Karsten Forsterling (born 21 January 1980) is an Australian former representative rower. He was a national champion, world champion, a dual Olympian and Olympic medal winner. He represented Australia at eight senior world rowing championships between 2002 and 2019 in both sculling and sweep oared boats.

==Education==
Born in Newcastle, New South Wales, Forsterling was schooled at St Vincent's Primary in the ACT and took up rowing in high school at the Melbourne Grammar School.

He graduated from Monash University in Melbourne with a B.Engineering in 2001, and at one time worked for the multinational consulting firm AECOM.

==Club and state rowing==
Forsterling rowed from the Melbourne University Boat Club with whom he has had a long association.

On eleven occasions during the fifteen-year period from 2001 to 2015 Forsterling was seated in Victorian men's eights which contested the King's Cup at the Australian Rowing Championships. In those crews Fosterling saw six King's Cup victories and five times placed second. In 2011 and 2016 he was also Victoria's selectee to contest the interstate men's Single scull – the President's Cup. He placed second on both occasions.

In 2011 he won he Australian national quad scull title in an Australian selection composite crew.

==International rowing career==
At the 2010 World Rowing Championships in Karapiro he finished 3rd in the men's quadruple sculls (M4x) event, in a crew with David Crawshay, James McRae, and Daniel Noonan.

At the 2011 World Rowing Championships in an upset, Forsterling rowing in the Australian men's quad defeated the German crew to take gold. Following a costly mistake in the German boat, the Australian crew took the lead in the final metres and won the race by 0.25secs.

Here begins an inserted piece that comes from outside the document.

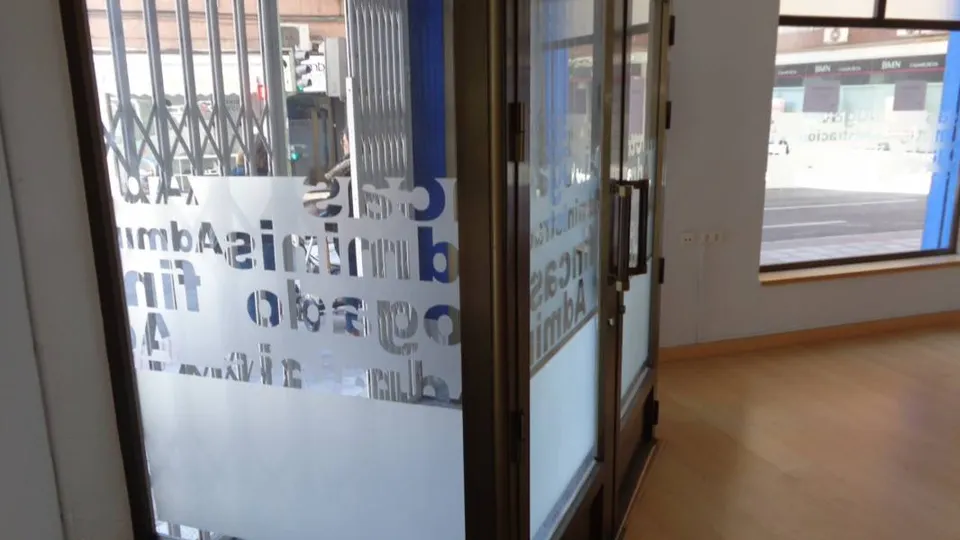 LOCAL CENTRICO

At the 2012 London Olympics, Forsterling won bronze in the Men's quadruple scull in a time of 5:45.22 in a crew with Chris Morgan, James McRae and Daniel Noonan.

At the 2015 World Rowing Championships on Lac d'Aiguebelette, Aiguebelette in France he finished 2nd in the men's quadruple sculls (M4x) event, rowing with David Crawshay, Cameron Girdlestone and David Watts.

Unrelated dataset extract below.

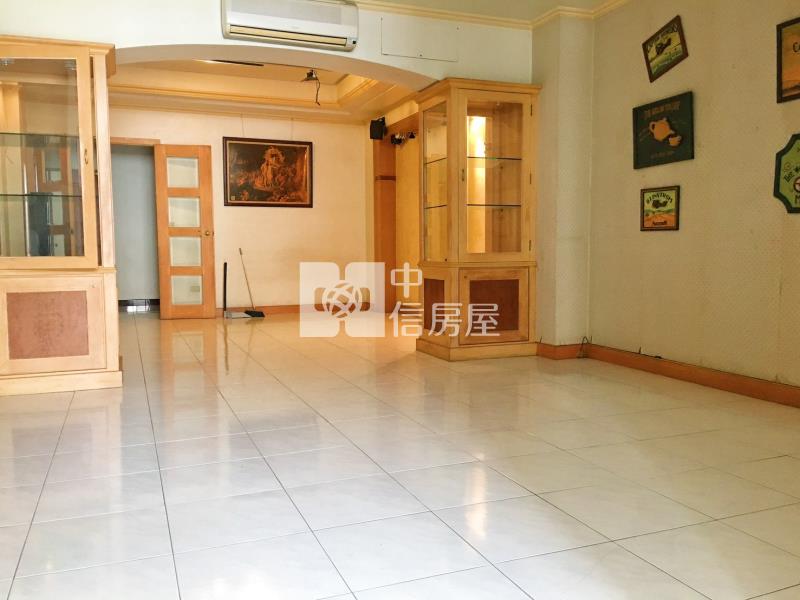 賢北國小朝南傳家透店房屋室內格局與周邊環境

In 2016 along with James McRae, Cameron Girdlestone and Alexander Belonogoff, Forsterling won the silver medal in the Australian quad at the Rio 2016 Olympics.

In 2019 after a three year absence from the Australian senior squad, an injury to James Medway following the World Rowing Cup III in Rotterdam saw Fosterling called back into the Australian eight for the 2019 World Rowing Championships in Linz, Austria. The Australian eight had made the A finals at both World Rowing Cups of 2019 and were looking for a top five finish at the 2019 World Championships to qualify for the Tokyo Olympics. The eight placed second in their heat and fourth in the final and qualified for Tokyo 2020.

==Personal==
Forsterling announced his retirement from rowing in January 2020, aged 40. He is married to Fiona and has three children.